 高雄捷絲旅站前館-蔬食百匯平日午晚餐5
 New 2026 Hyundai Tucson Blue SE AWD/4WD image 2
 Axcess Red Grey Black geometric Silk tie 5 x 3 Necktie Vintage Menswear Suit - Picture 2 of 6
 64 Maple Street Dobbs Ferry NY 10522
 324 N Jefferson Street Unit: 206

...

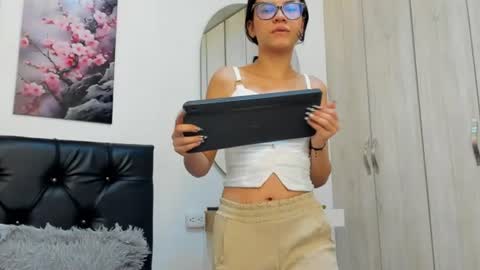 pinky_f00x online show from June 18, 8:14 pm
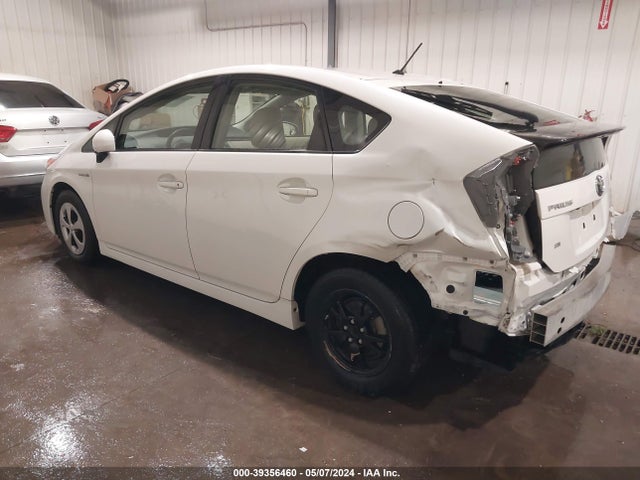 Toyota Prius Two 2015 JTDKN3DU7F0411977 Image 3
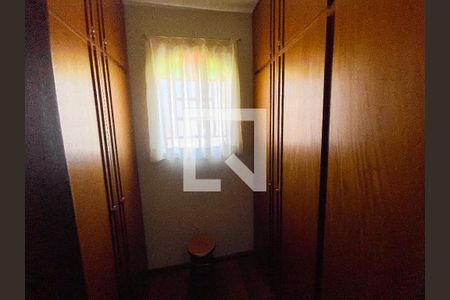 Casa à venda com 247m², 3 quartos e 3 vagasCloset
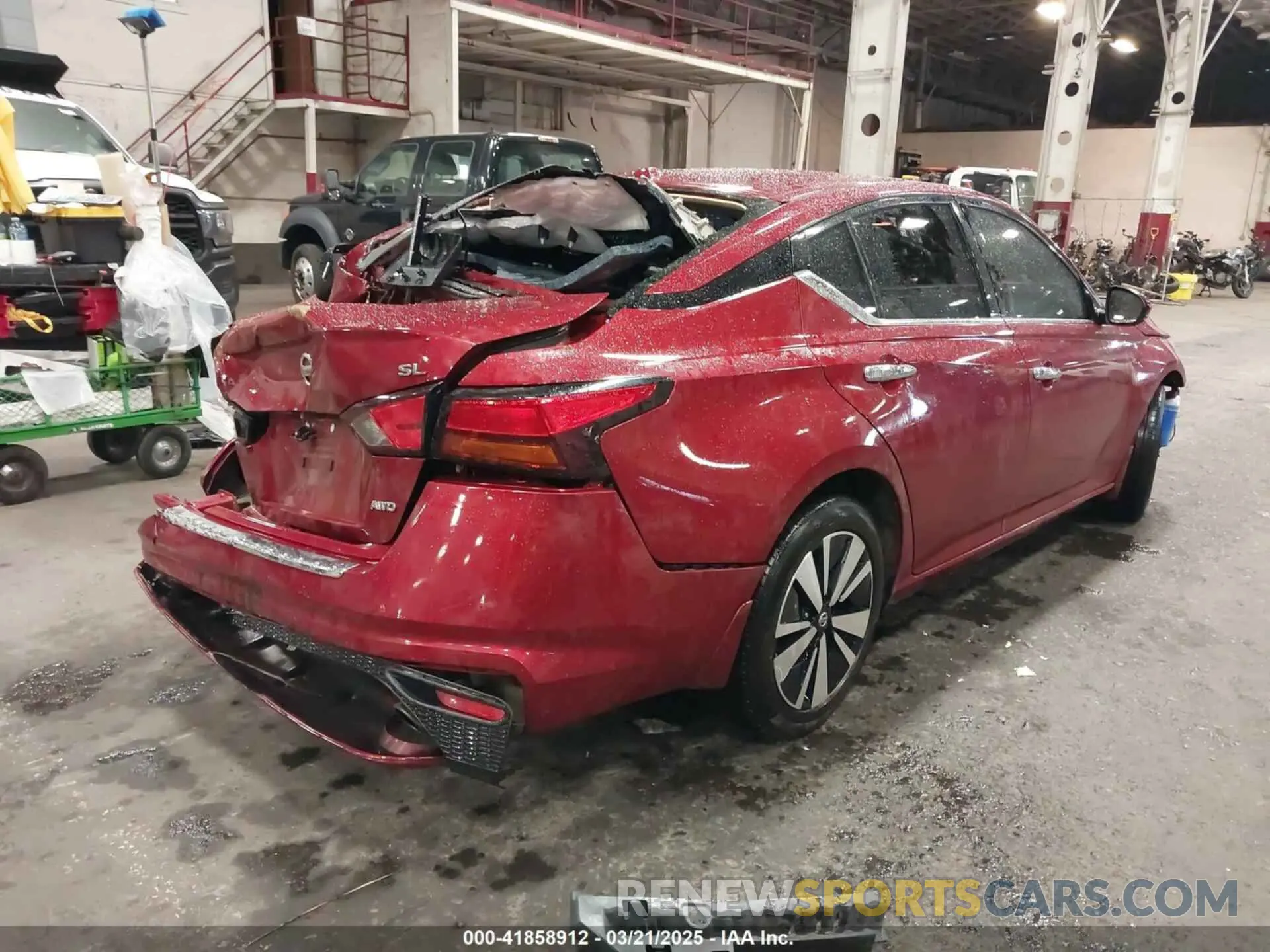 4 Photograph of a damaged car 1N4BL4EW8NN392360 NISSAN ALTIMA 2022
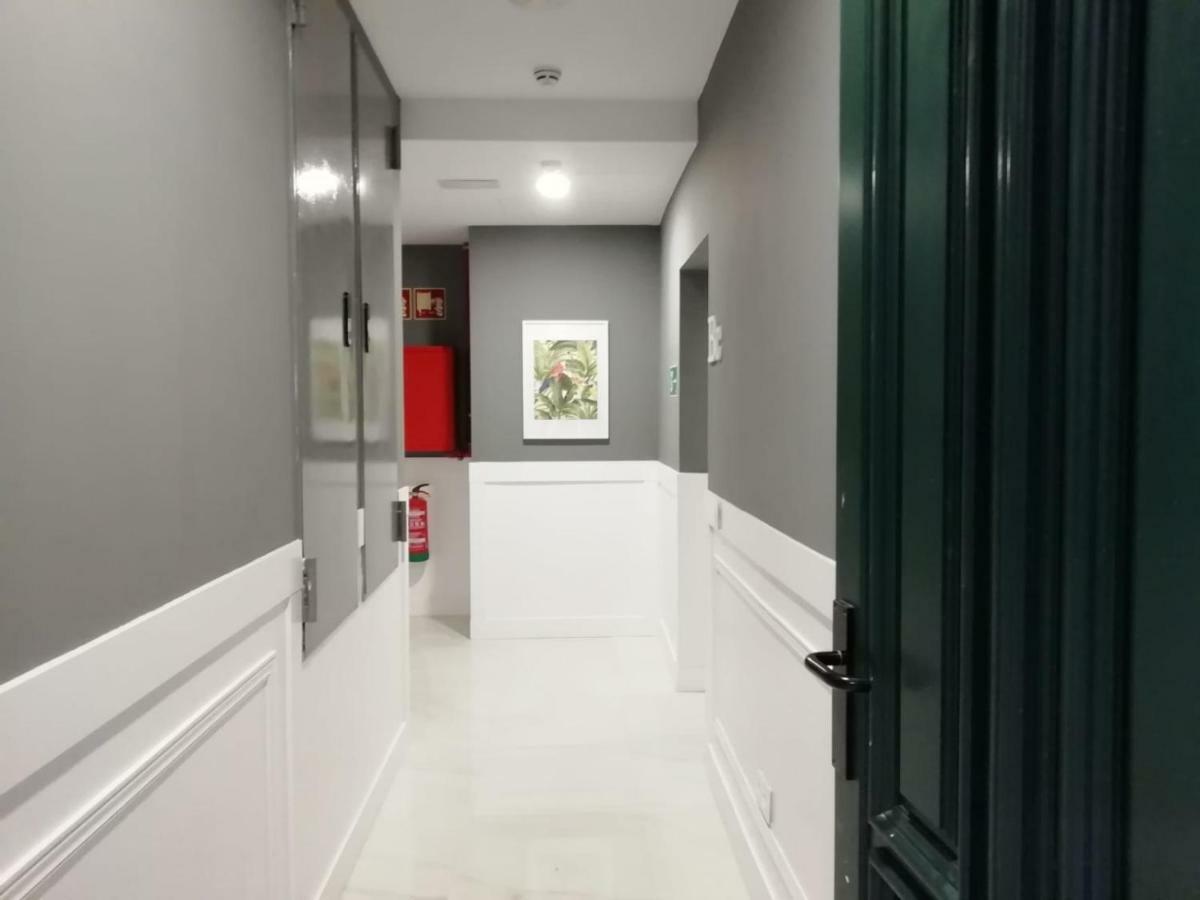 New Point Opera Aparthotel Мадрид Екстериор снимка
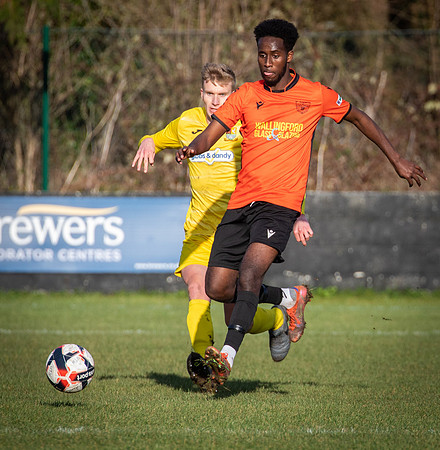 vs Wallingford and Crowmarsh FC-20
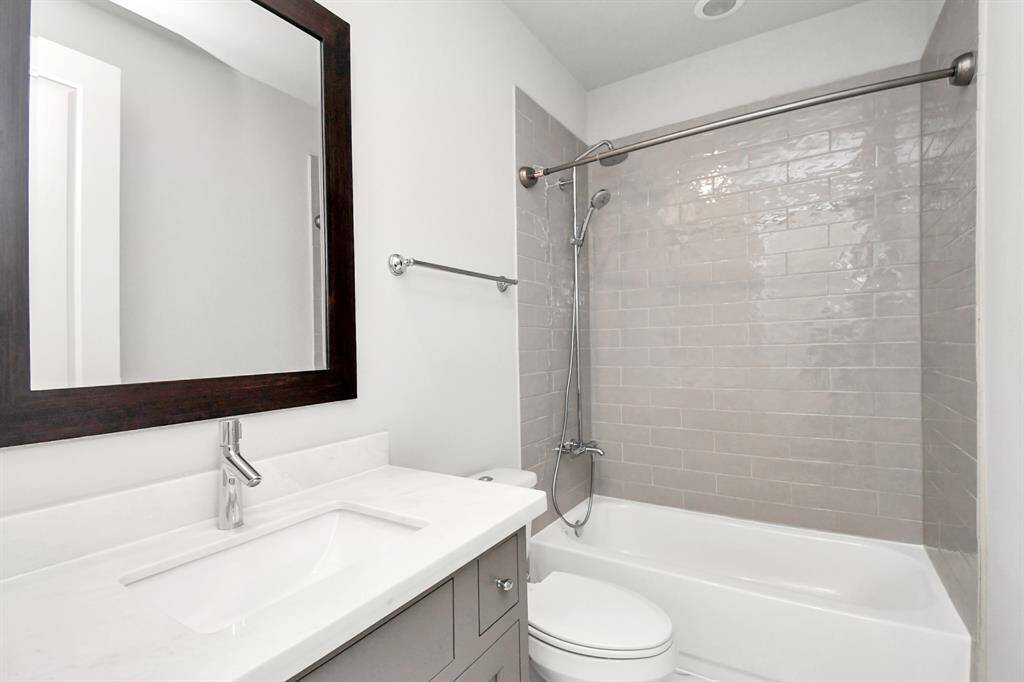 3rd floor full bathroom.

▸ **What is needed**: In the data above, find the line with "Casa à venda" and the line with "3rd floor full bathroom.". Please copy exactly those two lines and every line between them, but not the pictures.

▸ **Response for this exercise**:
 Casa à venda com 247m², 3 quartos e 3 vagasCloset
 4 Photograph of a damaged car 1N4BL4EW8NN392360 NISSAN ALTIMA 2022
 New Point Opera Aparthotel Мадрид Екстериор снимка
 vs Wallingford and Crowmarsh FC-20
 3rd floor full bathroom.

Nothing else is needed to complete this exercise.